American venture capital firm

SV Angel Management LLC (SVA) is an American venture capital firm based in San Francisco, California. The firm focuses on investments related to the AI, software and IT sectors.

== Background ==

Until mid-2009, Ron Conway made most of his investments through Baseline Ventures. He and David Lee launched SVA in 2009 that focused on seed funding. Its first fund raised $10 million.

Lee was in attendance at the super angels meeting that sparked Angelgate in September 2010. Conway wrote a letter condemning the group and citing disappointment Lee was in attendance. He stated SVA has always been a friend of entrepreneurs and focuses its business to help them.

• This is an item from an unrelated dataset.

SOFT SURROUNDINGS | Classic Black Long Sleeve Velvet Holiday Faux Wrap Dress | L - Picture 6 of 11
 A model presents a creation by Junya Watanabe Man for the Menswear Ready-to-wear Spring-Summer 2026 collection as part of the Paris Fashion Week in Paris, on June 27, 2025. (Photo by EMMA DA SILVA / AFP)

In January 2011, it was reported that SVA would partner with DST Global to launch the Start fund which would be managed by Lee. It would invest in every single Y Combinator startup with an offer of $150,000 in convertible debt.

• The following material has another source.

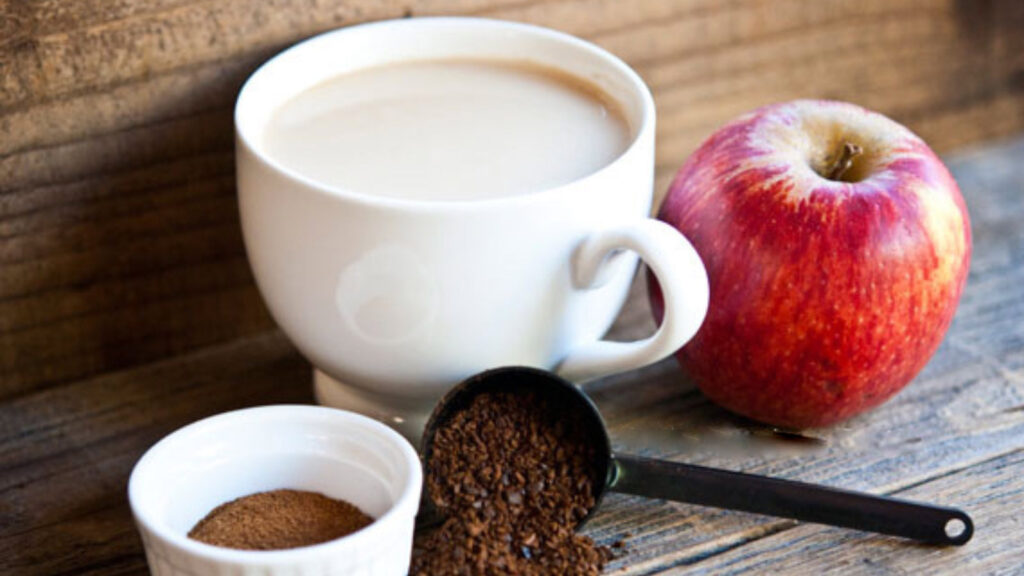 Apple Pie Spice Latte in a white mug.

In May 2012, Conway stated that SVA was Lee's fund and that he had turned over control to him This was supported by SEC filings that showed Lee owned over 75% of SVA since March 2010.

In May 2015, SVA announced that Lee would be leaving SVA. This was considered unexpected in the industry given it was rare for a sole managing partner to resign in the first place especially when done immediately. According to Fortune, there was a deterioration of relationship between Conway and Lee. Conway felt Lee did not spent as much time in Silicon Valley as promised when he left to move to Los Angeles in late 2012. In addition early 2015, Lee told Conway he didn't want to be involved in SVA's next angel fund due to disputes over 'time and place' as well as Lee wanting to focus on investing in SVA non-core sectors such as healthcare. The final straw was when Conway looked into SVA's structure and found that Lee had paid himself more than SVA $250,000 annual salary cap via a fee waiver. Conway considered this a betrayal from Lee. Both sides eventually reached a confidential separation settlement where Lee agreed to indirectly repay of some of disputed fee proceeds. In November 2017, Lee sued Conway alleging that he was violating terms of the settlement agreement.

In June 2018, SVA stated that it will not be raising new funds from outside investors and instead Conway will be investing with his own money. As a result, the investments allocated to each company would be smaller.

In March 2022, it was reported that SVA had raised raised $269 million for its first-ever growth equity fund. This was seen as a shift in strategy for SVA which previously used SPVs to invest in later-stage deals. It also was considered a reversal of its 2018 pledge to stop raising money from outside investors.